Those who lived or served in East Africa or the territories of the Federation of
Rhodesia and Nyasaland in the 1950s and '60s may remember the Capricorn Africa
Society. Richard Hughes' book reminds us that had its ideas been adopted there might
have been a very different future for the region.
In Capricorn the author gives us some fascinating and highly detailed insights into an
organisation set up in 1949 by the visionary and idealist Col David Stirling. With his war
record in the Western Desert, as a founder of the SAS, and with his charm, energy and
contacts, Stirling was well qualified to influence and lead in a situation calling for
courage and imagination. Working with like-minded people in Southern and Northern
Rhodesia and Nyasaland, all due to be part of the Federation, as well as in Kenya and
Tanganyika, he foresaw a future where Africans, Europeans and Asians would live
together and fulfil themselves without consideration of background or race.
The Capricorn ideal was timely because the Federation, essentially involving
partnership between the races, was being set up. In Kenya too there was the prospect of a
fresh start following the traumas of Mau Mau.
The problem in the Federation was that though the almost exclusively white electorate
in Southern Rhodesia had voted for it in 1952, whites in that country had well entrenched
privileges, which it soon became apparent they were not going to relinquish
lightly. Apart from the franchise, there were whites-only trade unions, many of whose
members were recent British immigrants. Together they blocked the very African
advancement which had to be achieved if partnership was to become a reality. On top of
this, entrenched racism in that country included blanket discrimination against Africans
in shops, restaurants, hotels and public places, and what was worse, the routine
denigration of blacks for instance by white shop girls. Even the term 'African' or the title
'Mr' was regarded by many whites as too liberal. Not surprisingly, perhaps, in Northern
Rhodesia and Nyasaland blacks were adamant in their opposition to a future that
involved a leading role for Southern Rhodesian whites.
To my family, ex-India and supportive of Federation and of the idea of partnership,
many white attitudes and practices seemed almost suicidally short sighted. To us
therefore, Capricorn's ideas seemed totally appropriate. The Society's problem was to get
them accepted by the almost exclusively white electorate whose bona fides would need to
be apparent to the black majority. Gaining the support of white politicians would have
helped but Capricorn had set its face against a political role. Even Garfield Todd who
would have had much in common with the Capricorners had minimal contact with them.
Huggins and Welensky barely get a mention in the book! A sympathetic press and a well
directed publicity campaign might have made a difference but this was not forthcoming.
All I remember is a display featuring Capricorn in a Salisbury shop window in 1955.

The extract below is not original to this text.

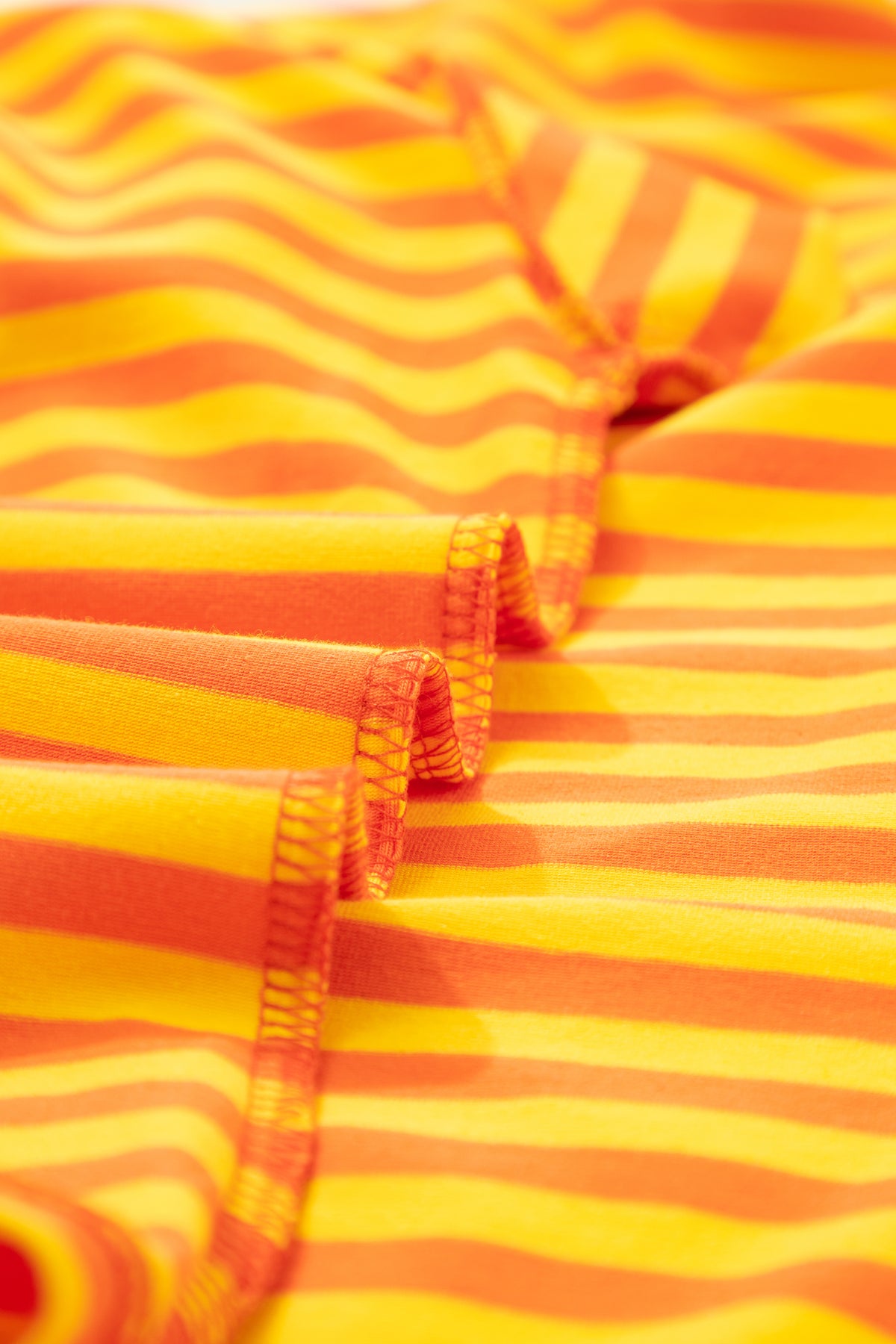 Orange Stripe Contrast Crew Neck Drop Shoulder Loose Tee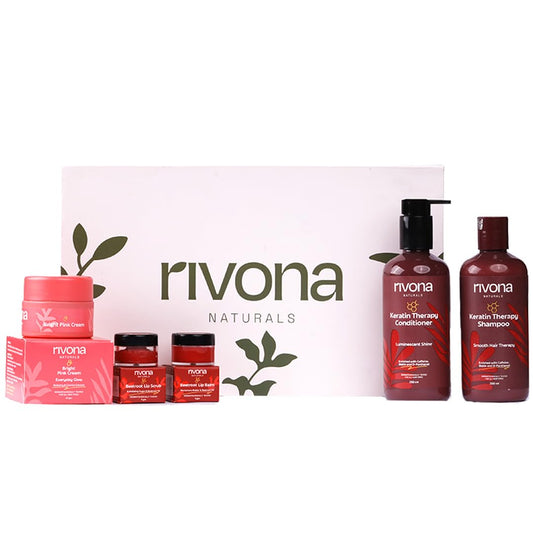 Rivona Naturals the Pink Box Gift Set | Bath & Body Gift set of 6 | Specially Crafted for Birthdays, Anniversaries & All Special Occasions | For Men & Women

Stirling and his colleagues relied mainly on influencing like-minded, influential people
with the implication that their ideas were destined to win the day in the end.
The book tells the sometimes tortuous story of the struggles within the organisation
both to determine what it stood for and the strategy needed to gain support. Many blacks
saw Capricorn as a device to maintain white privilege. Nyerere in particular, who only
saw a future for Black Nationalism, would have none of it. The Citizenship College in
Kenya and Ranche House in Southern Rhodesia, though imaginative, were hardly likely
to fit the bill. They fulfilled other educative and political roles however and became
Capricorn's legacy in Africa. Meanwhile as time passed and white attitudes and
practices failed to change, it must have been clear to most Capricorners that any chance
of their ideas taking root were slipping away irrevocably.
The book has some poignant insights into the Society's high point, the Salima conference
in 1956. For many delegates this was their first ever-real contact across the racial divide.
The conference, which captured public imagination and media attention, provided a unique
opportunity to take advantage and move ahead. However the chance was squandered and it
was downhill all the way after that. It becomes increasingly clear that David Stirling's
sometimes overbearing style and reliance on high-level contacts with people of doubtful
commitment to a continuing British role in Africa were getting nowhere. The reader is left
wondering what might have been had white settlers shown more imagination and foresight
or successive British governments a greater sense of purpose.
Readers who remember the issues of the day and have followed the fortunes of the
region will appreciate both the honesty of Richard Hughes' approach and the detailed
account of this important period in colonial history.